Siempre fui conciente de lo mucho que influía mi presencia, sin importar dónde y en qué circunstancias me hallara, en todo lo que me rodeaba, de especial forma en los varones; pero no es hasta esta edad en que lo he considerado con seriedad y ha despertado en mí una tendencia altruista que desconocía. Todos los chicos de mi clase, sin excepción, buscaban la forma de verse inmiscuidos hasta en mis más triviales asuntos. Como en todo lugar, los había tímidos y otros más desenvueltos. Unos solo se conformaban con contemplarme desde lejos, y los otros pugnaban por sentarse cerca de mí, o me preguntaban la hora, o se esforzaban por parecer graciosos, o quizá presumiendo de sus propinas cuando me disponía a comprar en el quiosco. Solo tres chicos trataron de ir más lejos y eran los de familia más acomodada. Me prestaban sus libros, me conversaban en la hora de receso, e incluso uno de ellos, hijo de un reconocido médico, me invitó a salir. Lo que no sospechaban era lo aburridores, inmaduros y banales que me parecían sus requiebros, y ellos mismos. En fin, todo lo toleraba, todo menos una cosa, tal vez la más insufrible, la forma en que se habían ensañado con José Manuel, "Pepe".
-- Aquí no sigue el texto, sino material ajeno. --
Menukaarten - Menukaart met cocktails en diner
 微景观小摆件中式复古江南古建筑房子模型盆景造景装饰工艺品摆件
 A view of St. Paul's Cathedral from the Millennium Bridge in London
Este era un chico de baja estatura, piel trigueña, cabello hirsuto, sus rasgos faciales recordaban los de las tribus amazónicas, y sus ojos, siempre furtivos a los míos, eran de una marcada timidez. Una vez, por mostrarme solidaria, le pregunté dónde vivía, a qué se dedicaban sus padres, pero solo atinó a sonreír y bajar la mirada. Un día, cuando el profesor aún no venía, empezaron a acosarlo debido a un escrito que hallaron en su cuaderno. Uno dijo: "Uhh...Pepe está enamorado...y no saben de quién...jajaja" Otro: "Lo que no sabe es que a ella no le gustan los aguarunas...jajaja" Un tercero: "Ni mucho menos los indios feos...jajaja" Y un cuarto, entre risas burlonas, mientras los otros sujetaban a Pepe que quería a como dé lugar impedirlo, se acercó y me entregó el papel. Todos quedaron viéndome, esperando que lo leyera, pero no poca fue su sorpresa cuando sin leerlo lo hice trizas y lo boté. Sentí lástima por él y un inmenso repudio por todos los demás, y ambos sentimientos repercutieron en mí de tal manera que no dudé poner en ejecución lo que días atrás ya había concebido, mi venganza y sacrificio.